We'd never have figured that out without you


----------



## MeBelle (Sep 28, 2013)

RDD_1210 said:


> MeBelle60 said:
> 
> 
> > RDD_1210 said:
> ...



Several years ago I had HD plans for a family of four.
Yearly premium was almost $600. 
I didn't have an issue paying cash for a Dr appt or a mammogram.
I certainly didn't run myself to the ER to get 'free' care.
I planned for the possibility of catastrophic episodes and needing to pay the HD.

The point is, this is what I chose for my family.
Can't find that choice now.


----------



## Zoom-boing (Sep 28, 2013)

Can someone tell me why a 55 year old male, who has had their individual catastrophic policy cancelled due to the ACA, now has to pay for the following coverage:

Maternity and newborn care
Pediatric services, including oral and vision care

????


----------



## RDD_1210 (Sep 28, 2013)

MeBelle60 said:


> RDD_1210 said:
> 
> 
> > MeBelle60 said:
> ...



How does any of that change now?

How much will a similar plan cost your family now? Have you priced it out yet?


----------



## francoHFW (Sep 28, 2013)

This also provides free annual check ups. Important.

6k cap is a lot better than much more and bankruptcy, loss of assets...

Also guaranteed, no cut offs.


----------



## Antares (Sep 28, 2013)

RDD_1210 said:


> Roo said:
> 
> 
> > RDD....you can run but it reveals how weak you are.
> ...



Fuck off you liar, she never existed...you are simply trying to hide behind your lie.

You don't know shit about HC and if you persist I will continue to beat the shit out of you with this shit.


----------



## RDD_1210 (Sep 28, 2013)

It's one thing to disagree in politics. It's another to behave in the manner that Roo is behaving. My wife was a wonderful woman who I miss every day. I hesitantly mentioned her but I wanted you to know that I am debating from a point of view that is based on real experiences.  I don't need to justify or prove anything about her and the fact that you felt the need to take our debate to the level of questioning something like that. Well that's enough for me. 
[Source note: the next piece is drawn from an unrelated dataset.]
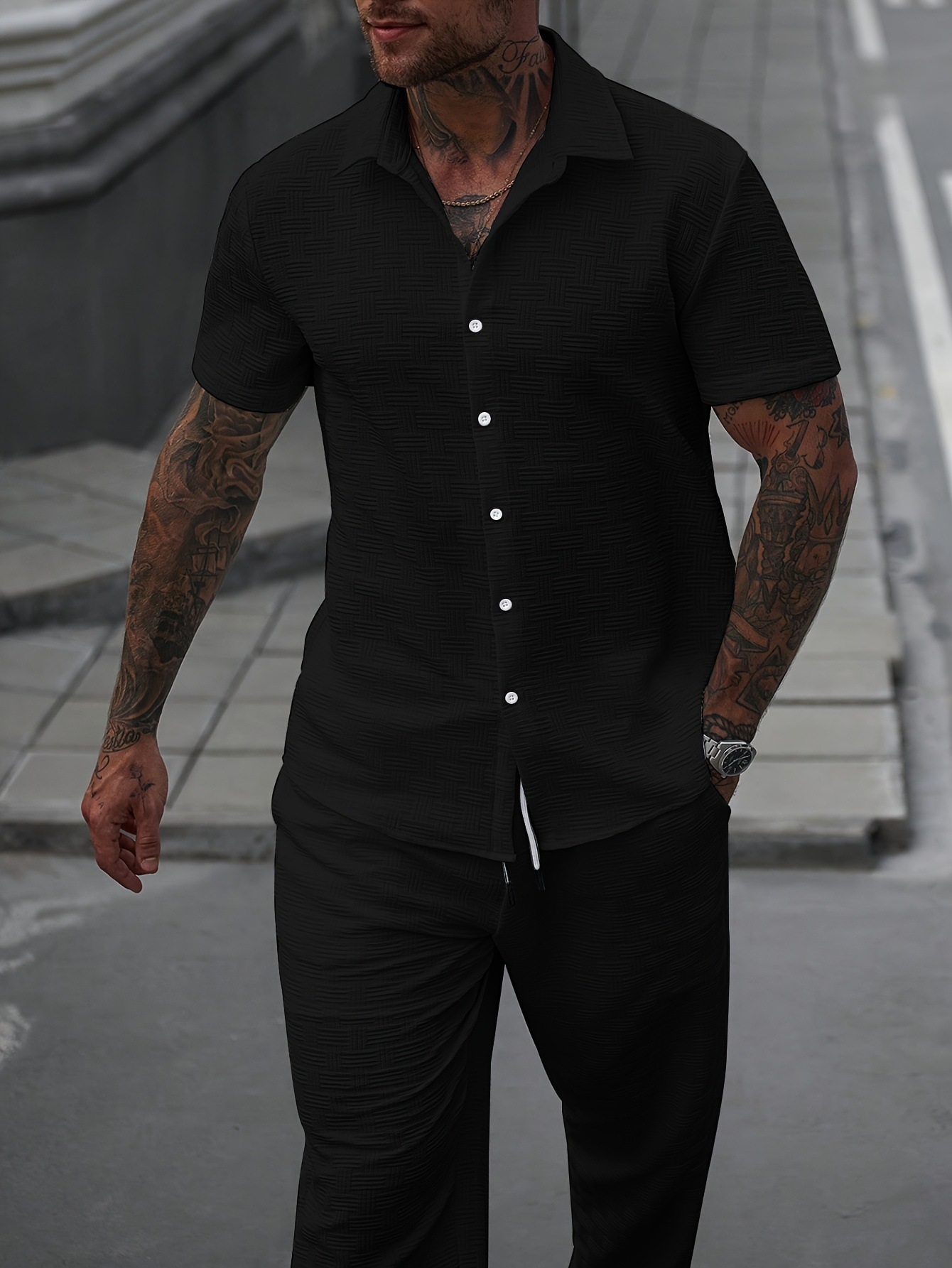 Men's Solid Color Summer Casual Set Single-Breasted Short Sleeve Shirt And Pants Outfit_viptrois.com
Best of luck to everyone but this isn't a place for me.


----------



## Antares (Sep 28, 2013)

RDD_1210 said:


> It's one thing to disagree in politics. It's another to behave in the manner that Roo is behaving. My wife was a wonderful woman who I miss every day. I hesitantly mentioned her but I wanted you to know that I am debating from a point of view that is based on real experiences.  I don't need to justify or prove anything about her and the fact that you felt the need to take our debate to the level of questioning something like that. Well that's enough for me.
> 
> Best of luck to everyone but this isn't a place for me.



Bye.


----------



## ScienceRocks (Sep 28, 2013)

Innovation shouldn't' be taxed out of business. This is one area this nation is good at...


Let's both repeal this piece of crap tax.


----------



## Trajan (Sep 28, 2013)

RDD_1210 said:


> Trajan said:
> 
> 
> > RDD_1210 said:
> ...



yes, I get that, and? 



the differences are; my access, cost (except minimally) and care wasn't effected,  see how that works? And god knows what the poor schleps in the indy market are going to have to go thru...

AND,  I see you overlooked my balloon squeeze reference. You do get _that_, right?  Of course you don't 



and whats more to the point really, is; where is the cost curve bending?


----------



## MeBelle (Sep 28, 2013)

RDD_1210 said:


> MeBelle60 said:
> 
> 
> > RDD_1210 said:
> ...



It is unavailable now.


----------



## MeBelle (Sep 28, 2013)

Zoom-boing said:


> Can someone tell me why a 55 year old male, who has had their individual catastrophic policy cancelled due to the ACA, now has to pay for the following coverage:
> 
> Maternity and newborn care
> Pediatric services, including oral and vision care
> ...



In case he knocks someone up???


----------



## Dot Com (Sep 28, 2013)

LoneLaugher said:


> Holy shit! Every nutter here is suddenly the holder of a catastrphic plan that won't meet the ACA criteria! It is fucking amazing. It is as if some radio host talked about this on his show! Uncanny!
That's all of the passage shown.